Recorded data
= = = =

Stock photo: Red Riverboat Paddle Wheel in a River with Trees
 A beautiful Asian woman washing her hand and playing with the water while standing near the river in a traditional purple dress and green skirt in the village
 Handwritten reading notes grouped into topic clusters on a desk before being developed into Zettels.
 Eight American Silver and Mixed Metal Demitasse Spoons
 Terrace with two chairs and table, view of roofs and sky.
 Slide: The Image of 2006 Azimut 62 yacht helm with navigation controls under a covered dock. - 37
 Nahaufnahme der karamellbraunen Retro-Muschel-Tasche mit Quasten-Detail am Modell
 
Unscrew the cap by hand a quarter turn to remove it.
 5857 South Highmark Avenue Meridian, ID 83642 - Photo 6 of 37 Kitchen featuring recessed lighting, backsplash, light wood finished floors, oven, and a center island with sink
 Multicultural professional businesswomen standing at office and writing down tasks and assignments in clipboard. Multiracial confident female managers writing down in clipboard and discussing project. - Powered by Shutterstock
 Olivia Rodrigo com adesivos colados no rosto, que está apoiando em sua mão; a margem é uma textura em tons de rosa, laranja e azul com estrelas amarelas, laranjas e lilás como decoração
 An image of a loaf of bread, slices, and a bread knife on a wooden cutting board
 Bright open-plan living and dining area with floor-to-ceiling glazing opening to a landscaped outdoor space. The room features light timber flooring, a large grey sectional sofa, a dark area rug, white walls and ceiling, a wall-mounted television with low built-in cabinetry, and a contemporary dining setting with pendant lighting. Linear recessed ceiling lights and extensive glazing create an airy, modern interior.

= = = =

| Task details |
Copy exactly the stretch of data above from the line with "Olivia Rodrigo com" through the line with "An image of", and omit all other lines.

| Task response |
 Olivia Rodrigo com adesivos colados no rosto, que está apoiando em sua mão; a margem é uma textura em tons de rosa, laranja e azul com estrelas amarelas, laranjas e lilás como decoração
 An image of a loaf of bread, slices, and a bread knife on a wooden cutting board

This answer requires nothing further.